My talk will present my work on inverse design problems for digital fabrication: developing algorithms that take users' high-level specifications of desired functionalities of a deformable object and solve for the optimal manufacturable geometry. These problems require new algorithms for fast, accurate, and differentiable physical simulation and robust numerical optimization to predict the functionalities of candidate designs and determine how to improve them. The highly nonconvex optimization problems involved also necessitate new computational strategies to produce good initial guesses (which we develop using insights from differential geometry) and to escape from local optima. I will discuss the software and algorithms I have created for optimization-based inverse design in the context of two specific applications: elastic metamaterials and deployable structures.

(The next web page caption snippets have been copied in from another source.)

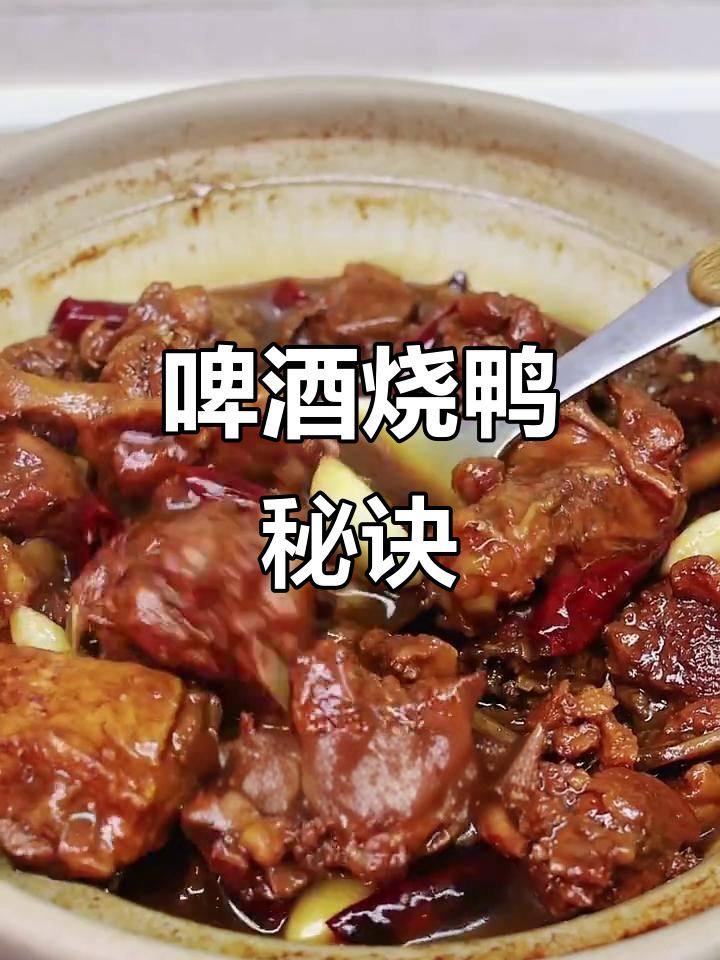 老爸的秘制鸭肉，啤酒炖煮，鲜嫩入味，拌饭吃绝了！
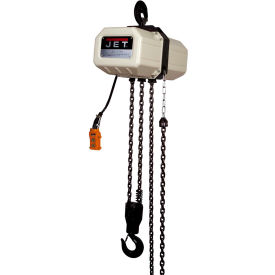 5 Ton Electric Chain Hoist, 20' Lift, 6.2 FPM, 230/460V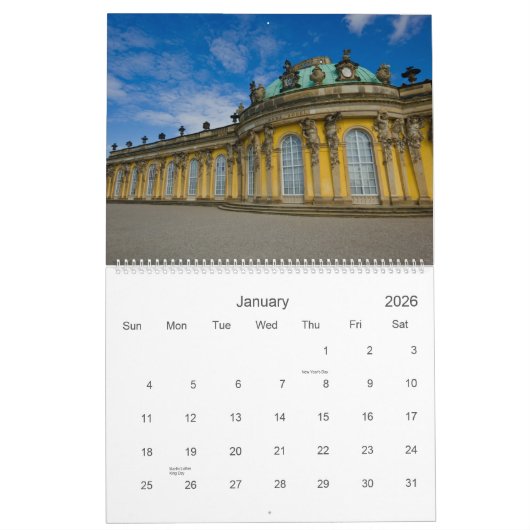 Agenda Sanssouci 2011 Kalender (Jan 2026)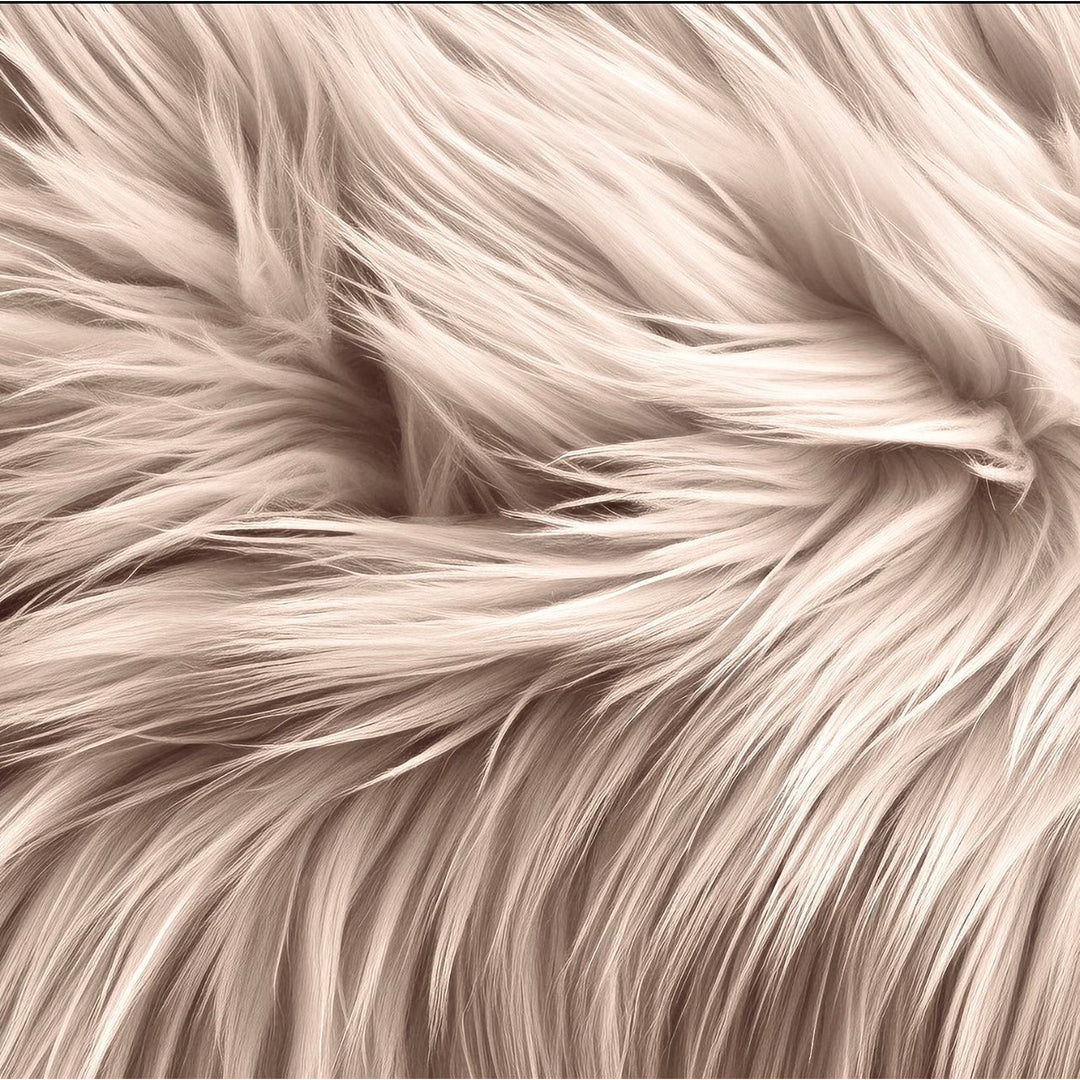 Round Shaggy Faux Fur Fabric - 40 inches Diameter - Circular Fluffy Faux Fur for Home Decor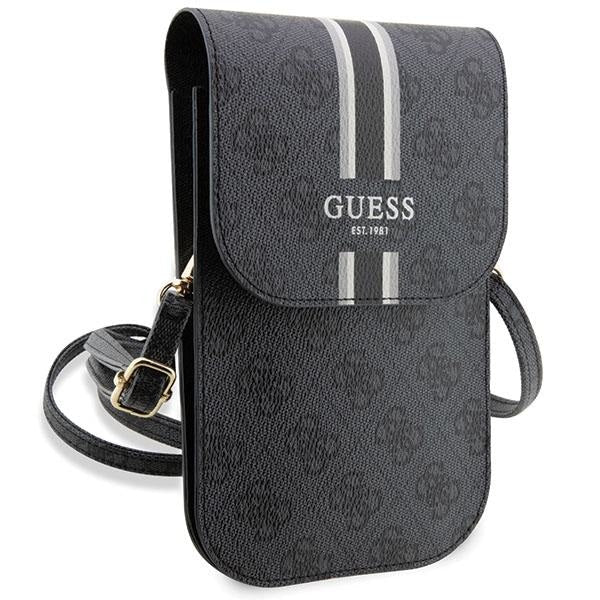 Чантичка Guess GUWBP4RPSK черна / черна 4G Stripes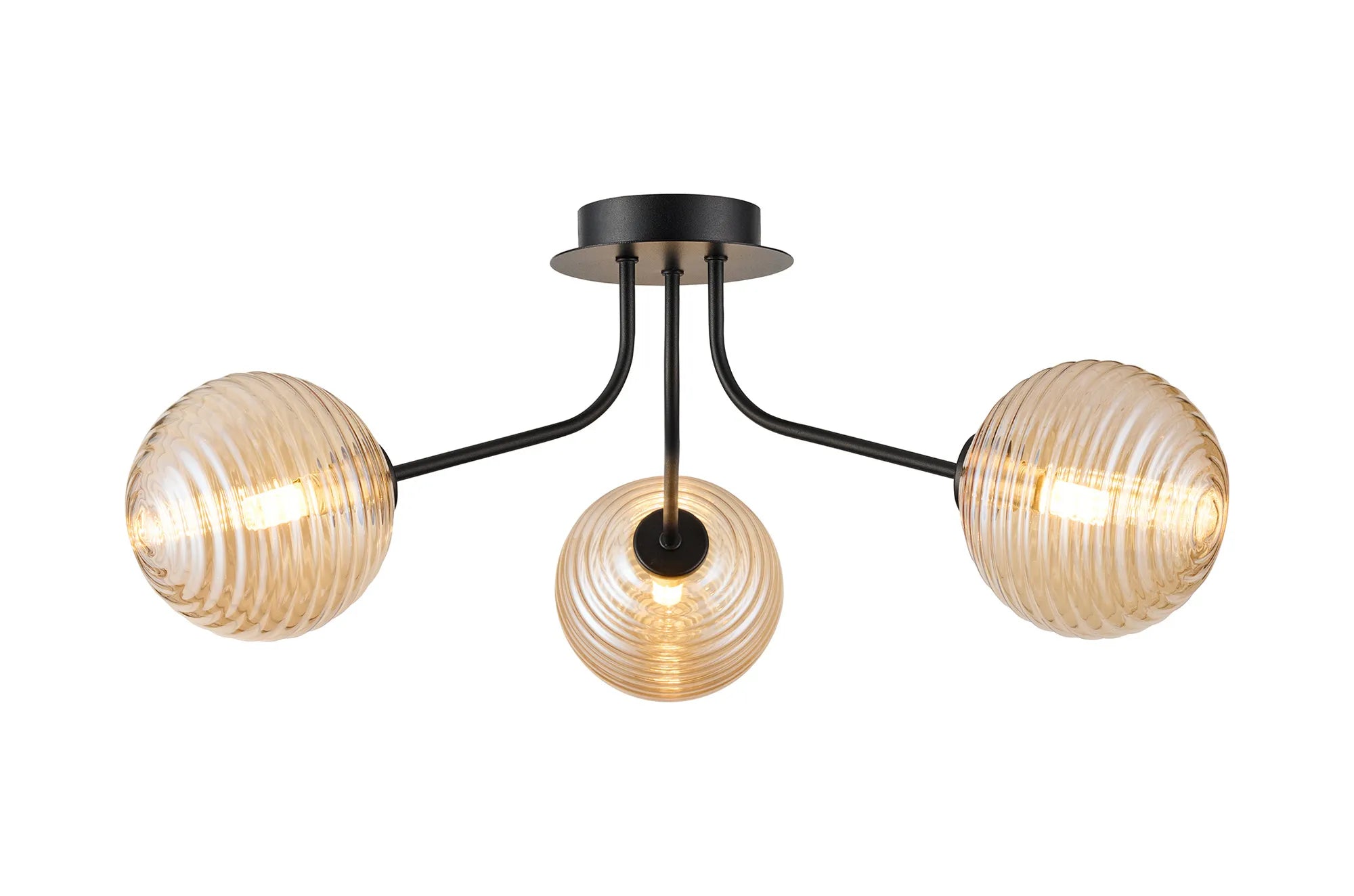 Caledon Semi Flush Light, 3 Light G9- Various Finishes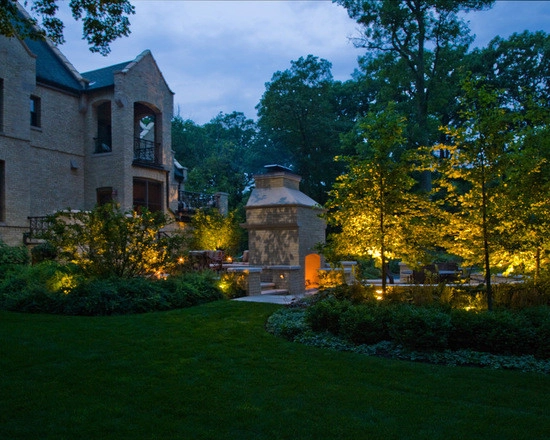 Romanesque-style Terrace w/Double Hearth Fireplace by LandServe, LLC..."Landscapes For Life - Photo 3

Elastic metamaterials are fine-scale spatial arrangements of fabrication materials that can exhibit properties not found in any natural material and achieve greater strength-to-weight ratios than pure solids. Metamaterials have promising applications in fields like prosthetics, soft robotics, and aerospace, and are a perfect setting to develop new computer graphics and geometric modeling techniques: their properties depend only on the shape and topology of the material arrangement. Deployable structures are shape-shifting objects that can transition from a compact configuration (efficient to fabricate and transport) to a desired 3D shape. They have applications in many settings from emergency shelters to medical implants and satellite antennas.

Bio:
Julian Panetta is currently a postdoc at the École Polytechnique Fédérale de Lausanne in Switzerland supervised by Mark Pauly. He received his PhD in computer science from NYU's Courant Institute, where he was advised by Denis Zorin. Julian is interested in physical simulation, geometry processing, and optimization-based inverse design problems, specifically focusing on applications for 3D printing, metamaterials, and deployable structures. Before NYU, he received his BS in computer science from Caltech and did research at NASA's Jet Propulsion Lab.